In the meantime, if you find yourself filled with a longing for literature and/or a passion for poetry, a signed copy of his limited edition `Poems by N S Thompson`, published by the author during a short stay in India during the `70s, can be found at 3358 in our listings.
The Save Newark Hospital Campaign will be the subject of a Westminster Hall debate on 6 July 2010. The meeting will be hosted by Patrick Mercer MP and will be addressed by Health Minister Simon Burns.
The hospital is not under threat of closure, but there are plans to downgrade the A & E Department to Minor Injuries (obliging ambulances to take more serious cases to Mansfield or Lincoln) and close a ward.
The decision to hold a debate contrasts with the approach taken when Mr Burns visited the hospital on 1 July 2010. At that time, he declined to meet representatives of the campaign group and hospital staff were told not to discuss the future of the hospital with him during his visit. The exact purpose of his visit is unclear, given that no-one could actually speak to him about the issues. One wonders what he understands by the word `democracy` if this is an example of his approach.

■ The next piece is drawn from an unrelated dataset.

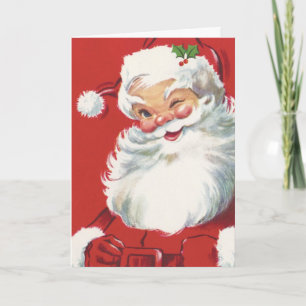 Noël Vintage, Cartes faciles à Customiser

In the event, Patrick Mercer handed him a letter from the Campaign regretting that they had been "prevented from meeting you" and setting out their grievances. The text of the letter can be found at their web site, but in essence they not only oppose the downgrading of the hospital to a minor injuries unit, but argue that the consultation was flawed. They also claim that some of the arguments offered in support of the proposed changes quote rather selectively from the relevant report.
On 26 June I posted details of National Mesothelioma day and commented on the impact of this asbestos-related disease on the Derbyshire area in particular.
It seems that I`m not the only one to have picked up on this, as an unsigned article headed `More Than One Death a Week in Derbyshire from Exposure to Asbestos Dust` appeared at http://www.thisisderbyshire.co.uk/ on 2 July 2010, and was followed by another, `Campaign`s Aims` the following day.
The articles are well worth a read and give up-to-date information on the objectives of the groups involved. Three local MPs have signed up to the campaign, Heather Wheeler (Conservative), Pauline Latham (Conservative) and Margaret Beckett (Labour). The campaign is also supported by the GMB trade union.
As I`ve mentioned before, my own article `Asbestos Awareness and Advocacy - For Chris` appeared 19 April 2010 on a blog named The Graphophone and is intended for the general reader, but also provides links for anyone affected by Mesothelioma and related illnesses.
This blog was intended as a companion to The Hoonaloon Books Blog, but unlike `Hoonaloon`, which is fairly focussed, this was intended to be a vehicle for book reviews etc.
In practise it`s proved more wide-ranging that that, so while it will certainly have it`s share of book reviews, it will also be a fairly miscellaneous ramble through whatever comes to mind.
The Musings of a Man From the Midlands tag wasn`t initially meant to be particularly significant, it`s just that I`m a simple soul who finds alliteration amusing, but as you`ll see this blog will in fact have its` share of local content.